Records excerpted from a collection:

********************

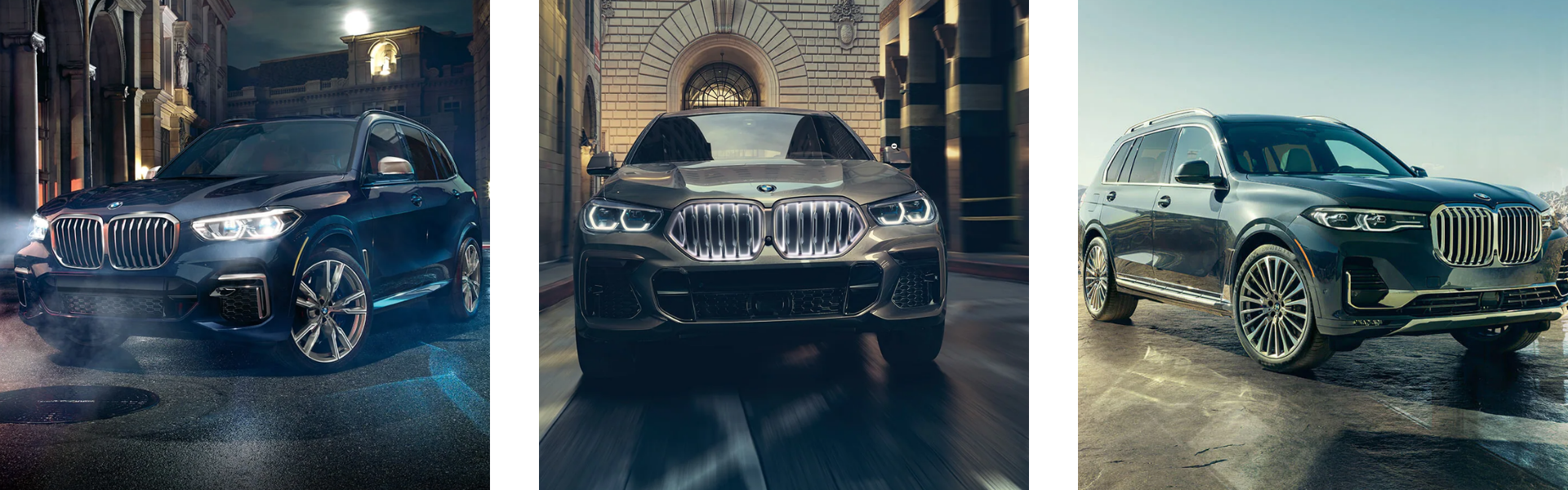 bmw x5, x6 and x7 displayed across
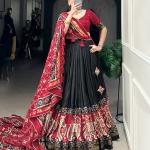 Ethnic Black Maroon Lehenga Choli with Tassels & Patola Print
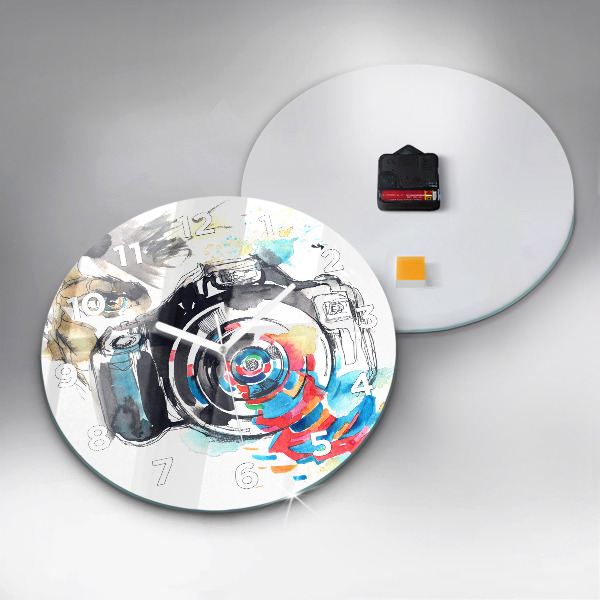 Wanduhr rund Fotografin mit Kamera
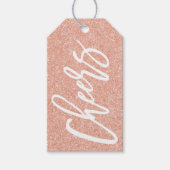 Roos Gold Glitter Cheers Gift label Cadeaulabel (Voorkant)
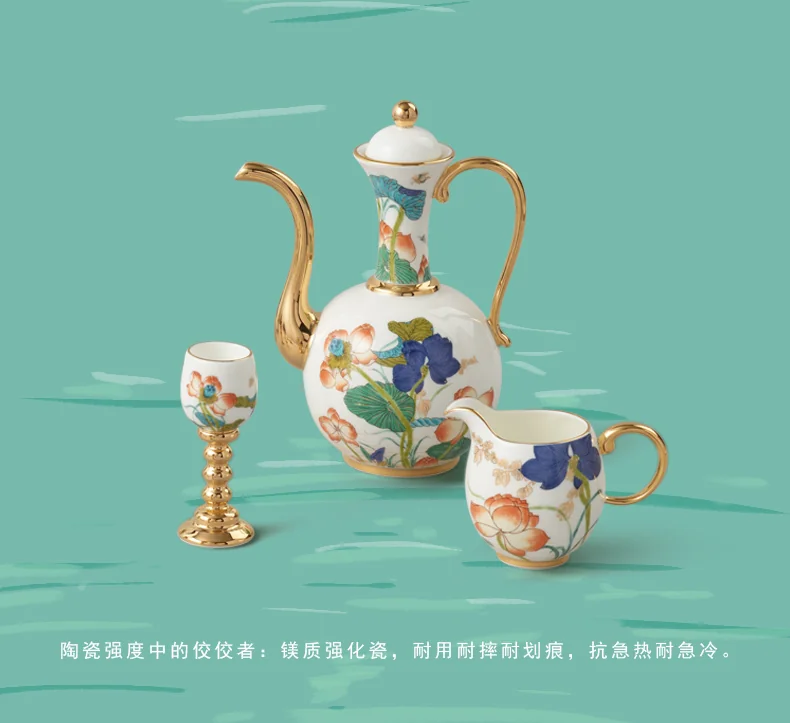 [China Direct Shipping, Time Limit 5-7 Days] Happiness and Harmony 14 Heads Wine Set detail image 13
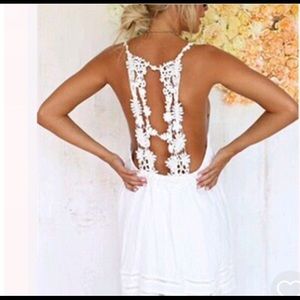 Adorable Short White Open-Back Dress! Brand New!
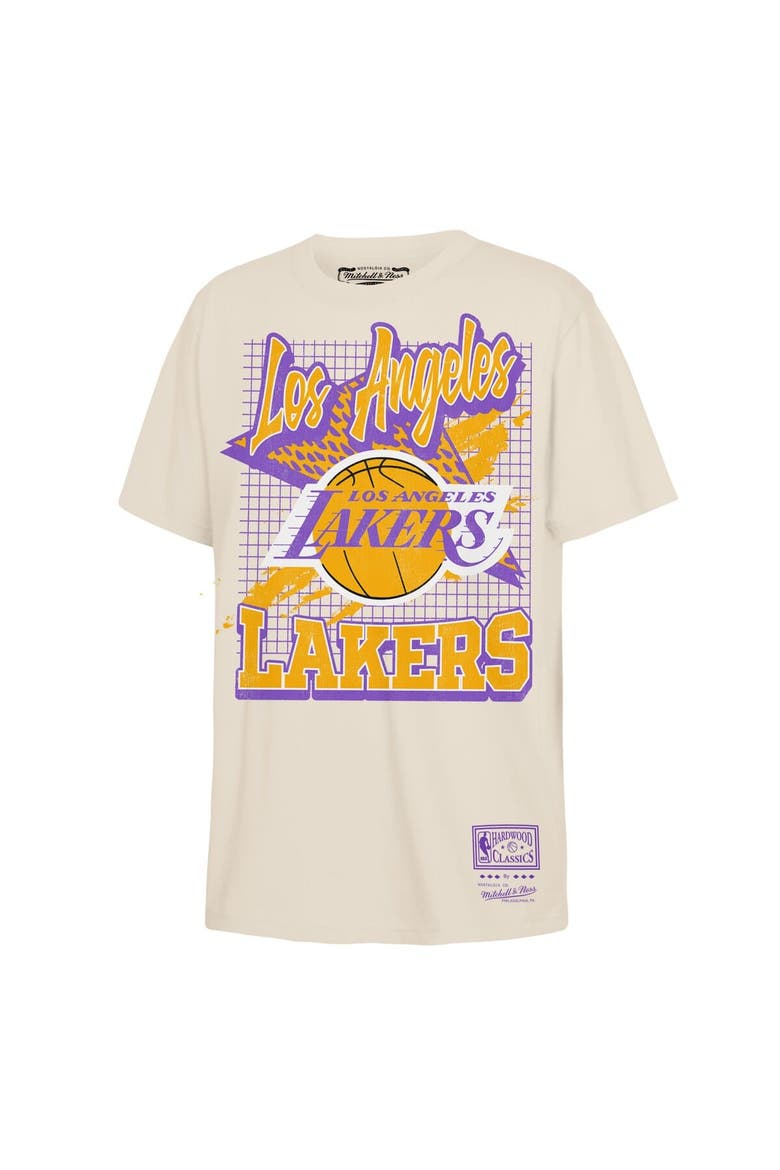 Youth Mitchell & Ness  Natural Los Angeles Lakers Hardwood Classics Retro Vibe T-Shirt, Main, color, Natural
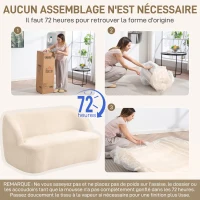 HOMCOM Canapé 2 places canapé en tissu bouclette 142 cm avec dossier et assise incurvés, aucun assemblage requis, beige(m-7)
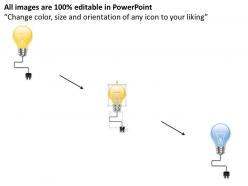 0115 three colorful bulbs with socket for idea generation powerpoint template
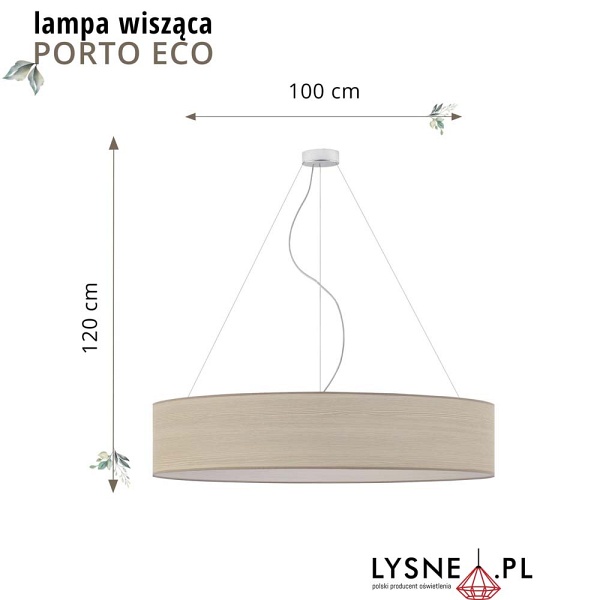 Lampa wisząca do salonu PORTO ECO fi - 100 cm - kolor orzechowy  Lysne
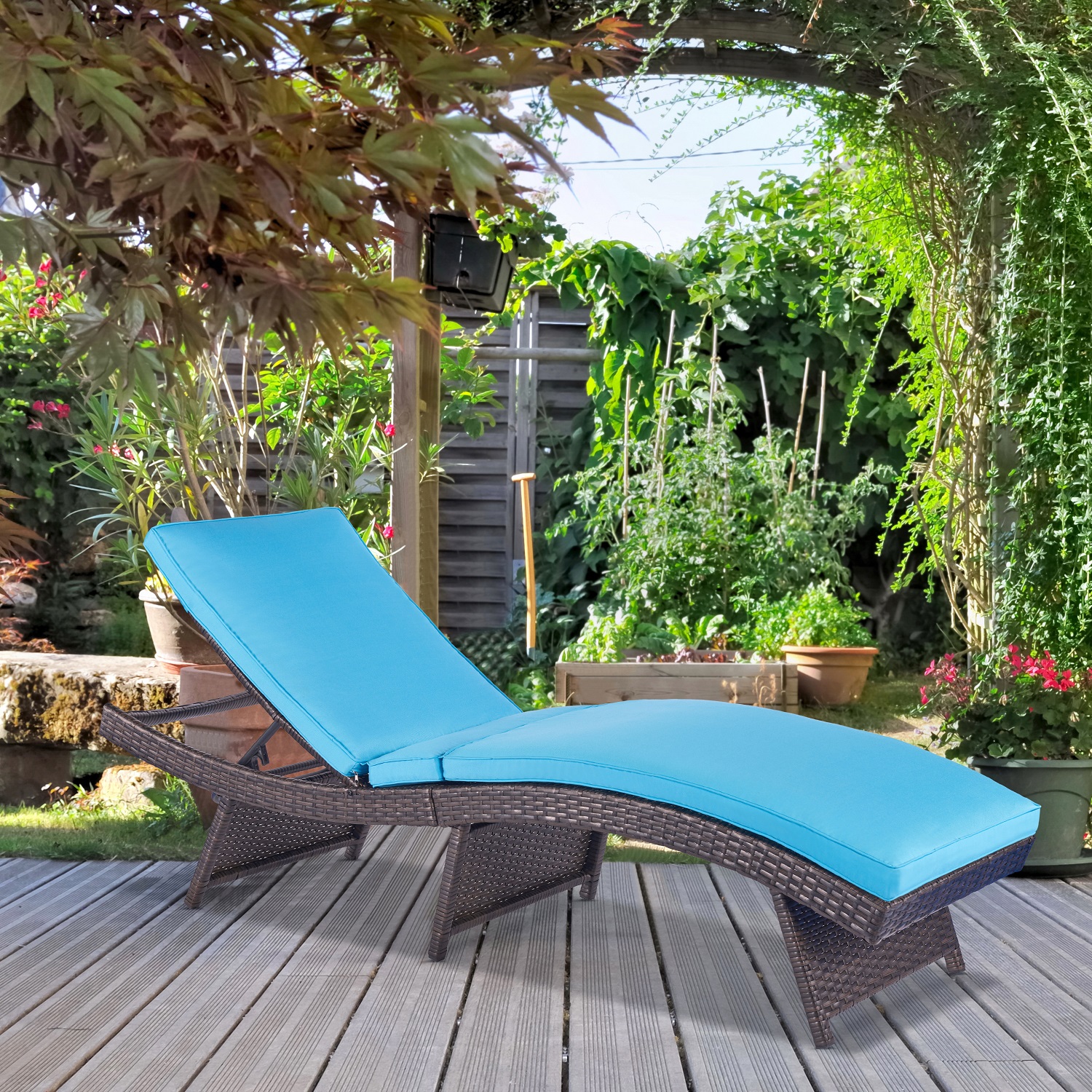 Folding Patio Wicker Chaise Lounge Chairs for Outside Set of 2 Rattan Sunbathing Chaise Lounge Chair Outdoor Assembled Reclining Sunbed Cushion Blue S Type Adjustable Backrest, No Assembly Required - image 2 of 7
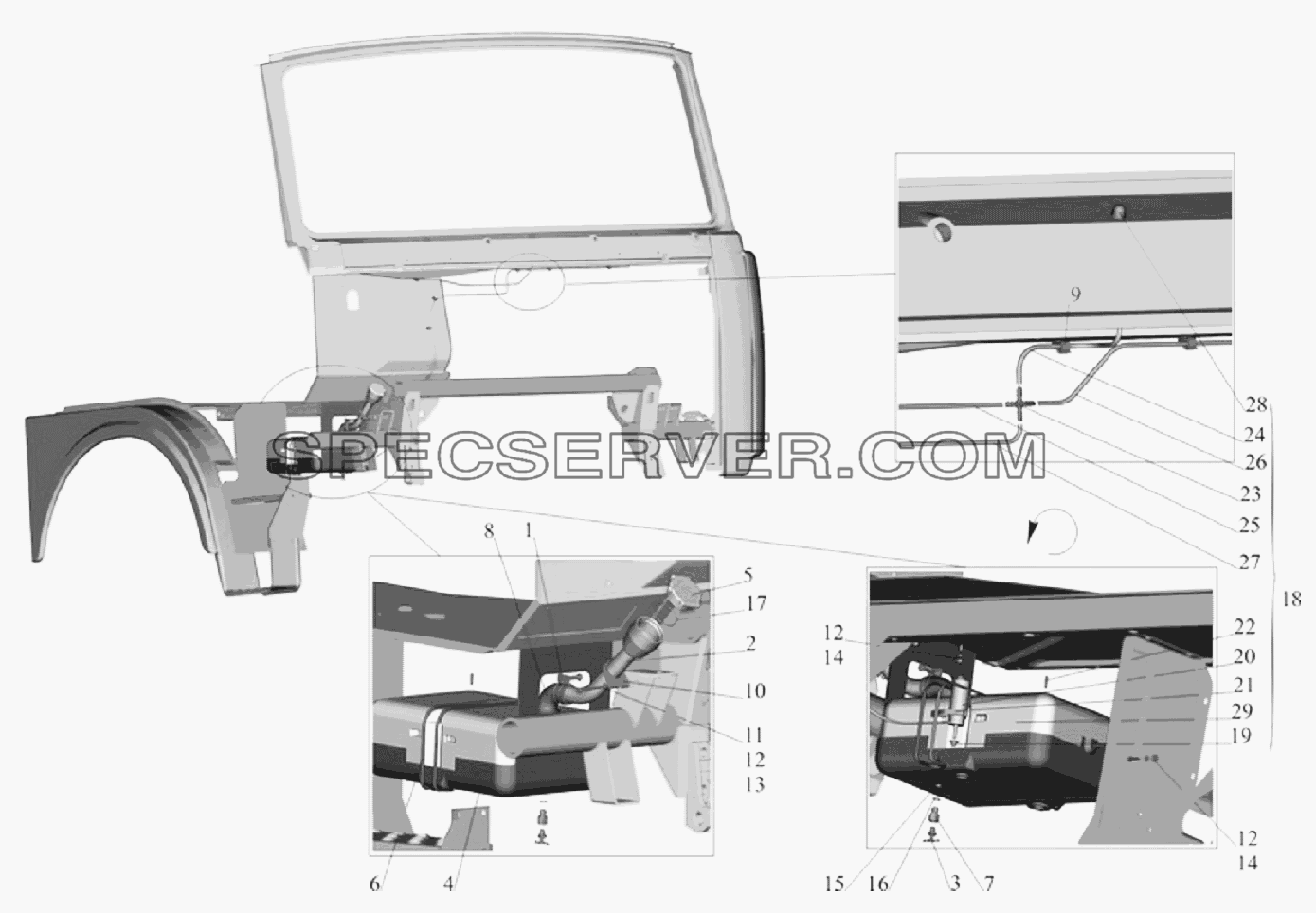 Установка омывателя для МАЗ-6303A3, 6303A5 (список запасных частей)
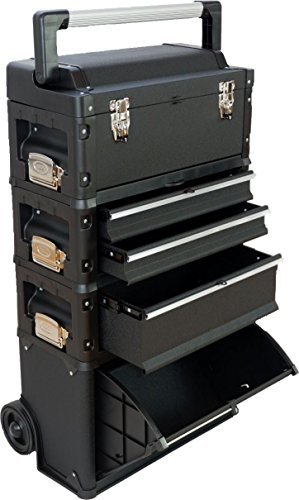 Metall Werkzeugtrolley XXL Type C1-B BLACK EDITION mit Schubladenverriegelung und Schloss von AS-S
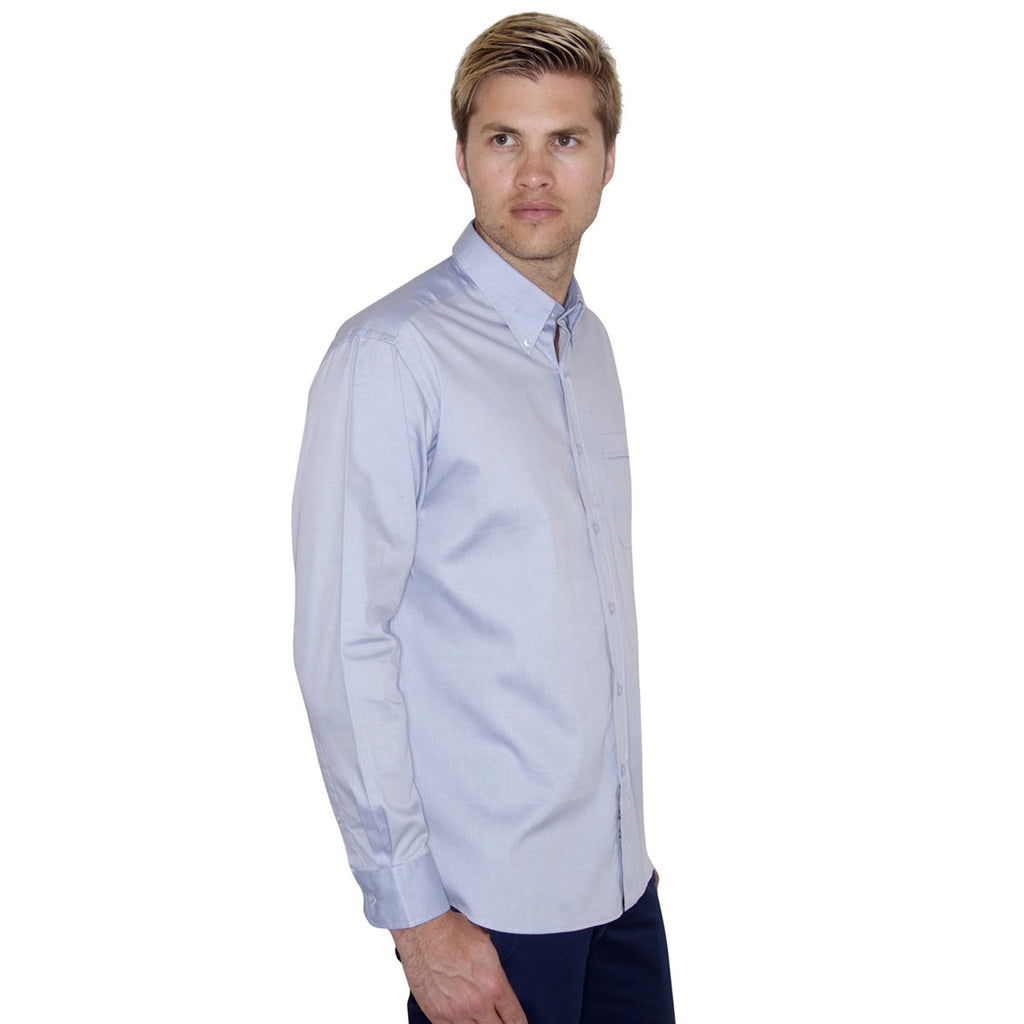 Henbury Men's Light Blue Long Sleeve Pinpoint Oxford Shirt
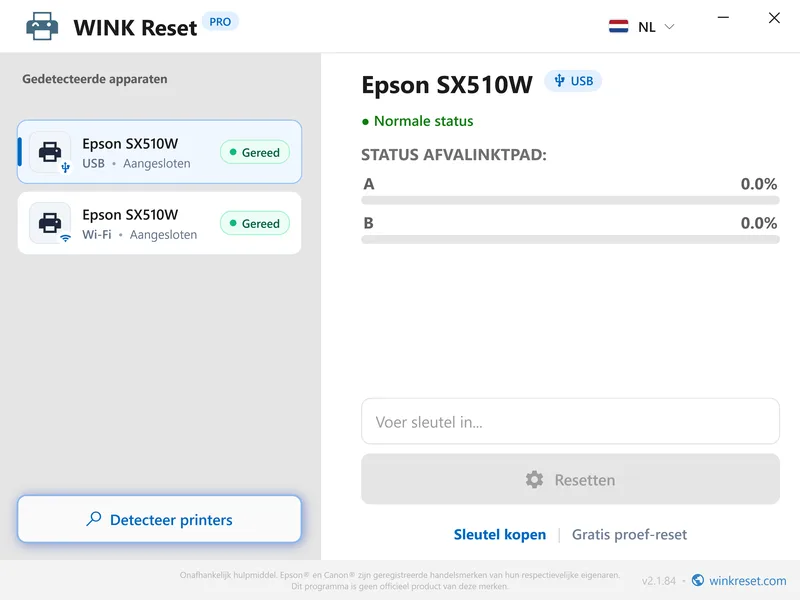 epson inktkussen tellers succesvol gereset naar nul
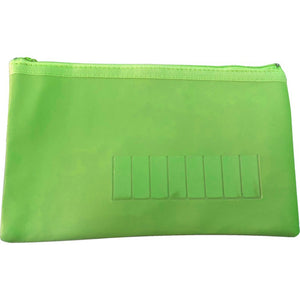 Green SchoolPro zip pencil case shown flat, with a zip along the top edge, matching green zip tape and a row of small ruled boxes on the lower front panel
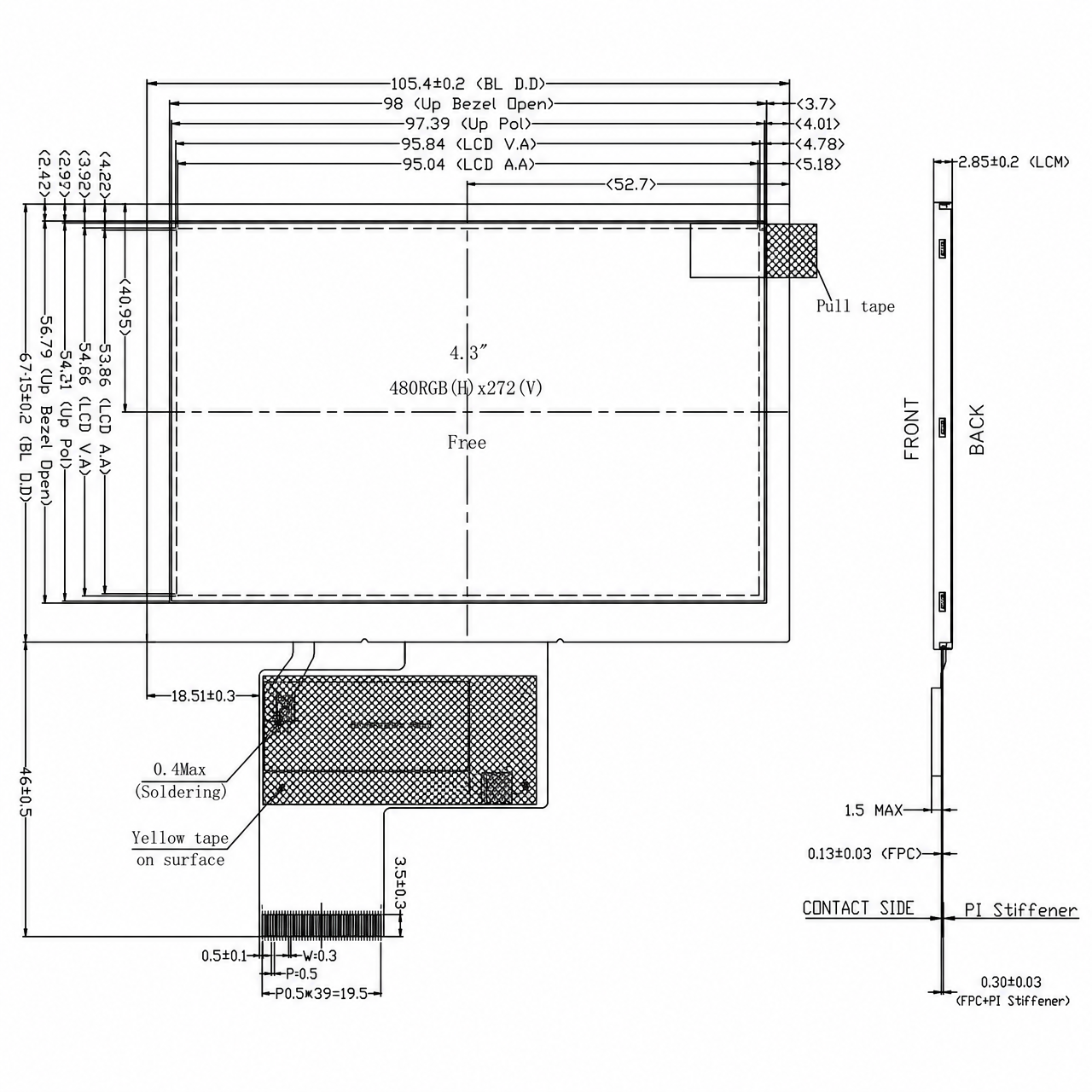 STK043WQFPA142 4.3 дюйм 480x272 ST7282A RGB интерфейс wide temperature IPS TFT LCD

********************

Problem: In the copy, each entry above must match exactly, and no picture may be carried over.

Written solution:
 bmw x5, x6 and x7 displayed across
 Ethnic Black Maroon Lehenga Choli with Tassels & Patola Print
 Wanduhr rund Fotografin mit Kamera
 Roos Gold Glitter Cheers Gift label Cadeaulabel (Voorkant)
 [China Direct Shipping, Time Limit 5-7 Days] Happiness and Harmony 14 Heads Wine Set detail image 13
 Adorable Short White Open-Back Dress! Brand New!
 Youth Mitchell & Ness  Natural Los Angeles Lakers Hardwood Classics Retro Vibe T-Shirt, Main, color, Natural
 HOMCOM Canapé 2 places canapé en tissu bouclette 142 cm avec dossier et assise incurvés, aucun assemblage requis, beige(m-7)
 0115 three colorful bulbs with socket for idea generation powerpoint template
 Lampa wisząca do salonu PORTO ECO fi - 100 cm - kolor orzechowy  Lysne
 Folding Patio Wicker Chaise Lounge Chairs for Outside Set of 2 Rattan Sunbathing Chaise Lounge Chair Outdoor Assembled Reclining Sunbed Cushion Blue S Type Adjustable Backrest, No Assembly Required - image 2 of 7
 Установка омывателя для МАЗ-6303A3, 6303A5 (список запасных частей)
 Metall Werkzeugtrolley XXL Type C1-B BLACK EDITION mit Schubladenverriegelung und Schloss von AS-S
 Henbury Men's Light Blue Long Sleeve Pinpoint Oxford Shirt
 epson inktkussen tellers succesvol gereset naar nul
 Green SchoolPro zip pencil case shown flat, with a zip along the top edge, matching green zip tape and a row of small ruled boxes on the lower front panel
 STK043WQFPA142 4.3 дюйм 480x272 ST7282A RGB интерфейс wide temperature IPS TFT LCD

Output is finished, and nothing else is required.